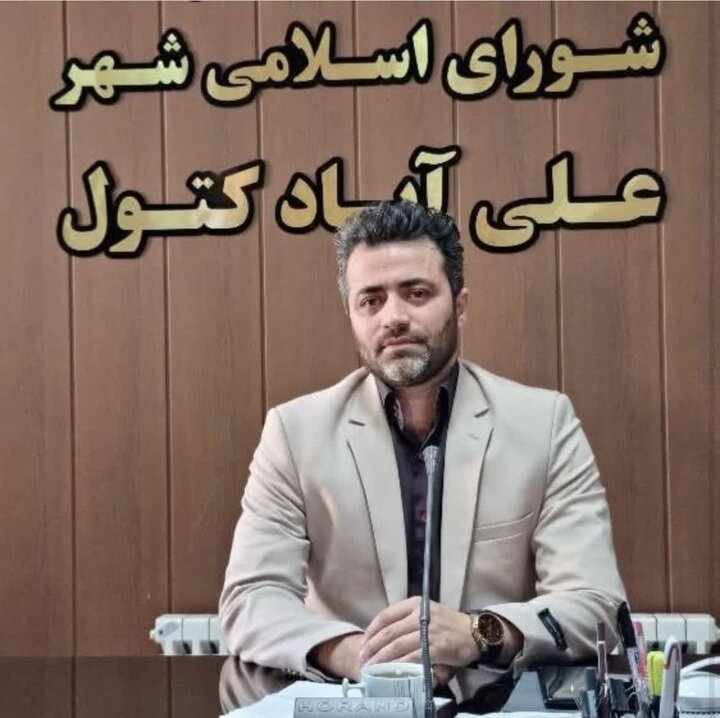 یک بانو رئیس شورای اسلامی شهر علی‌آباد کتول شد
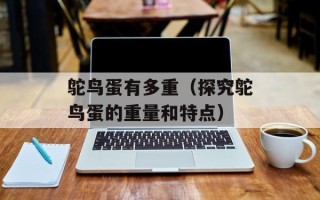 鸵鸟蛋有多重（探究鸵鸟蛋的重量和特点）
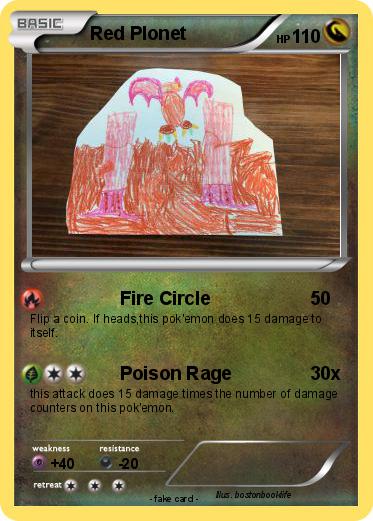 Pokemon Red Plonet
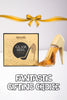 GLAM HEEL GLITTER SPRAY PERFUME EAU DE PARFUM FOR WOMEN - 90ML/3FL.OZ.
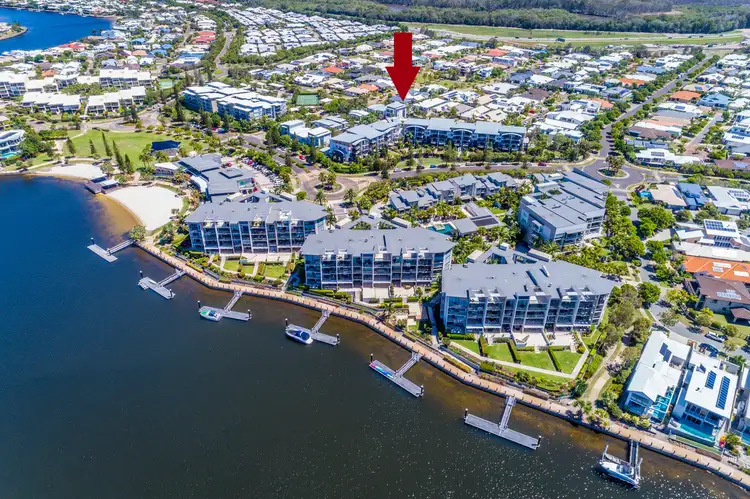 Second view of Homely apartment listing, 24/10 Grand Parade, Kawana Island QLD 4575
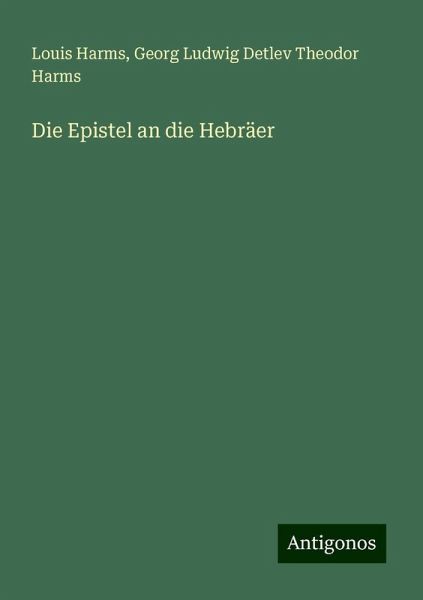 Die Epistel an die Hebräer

###

WHAT TO PRODUCE: Return the entries above exactly, skipping any images.

SOLUTION TO THE PROBLEM:
 یک بانو رئیس شورای اسلامی شهر علی‌آباد کتول شد
 鸵鸟蛋有多重（探究鸵鸟蛋的重量和特点）
 Pokemon Red Plonet
 GLAM HEEL GLITTER SPRAY PERFUME EAU DE PARFUM FOR WOMEN - 90ML/3FL.OZ.
 Second view of Homely apartment listing, 24/10 Grand Parade, Kawana Island QLD 4575
 Die Epistel an die Hebräer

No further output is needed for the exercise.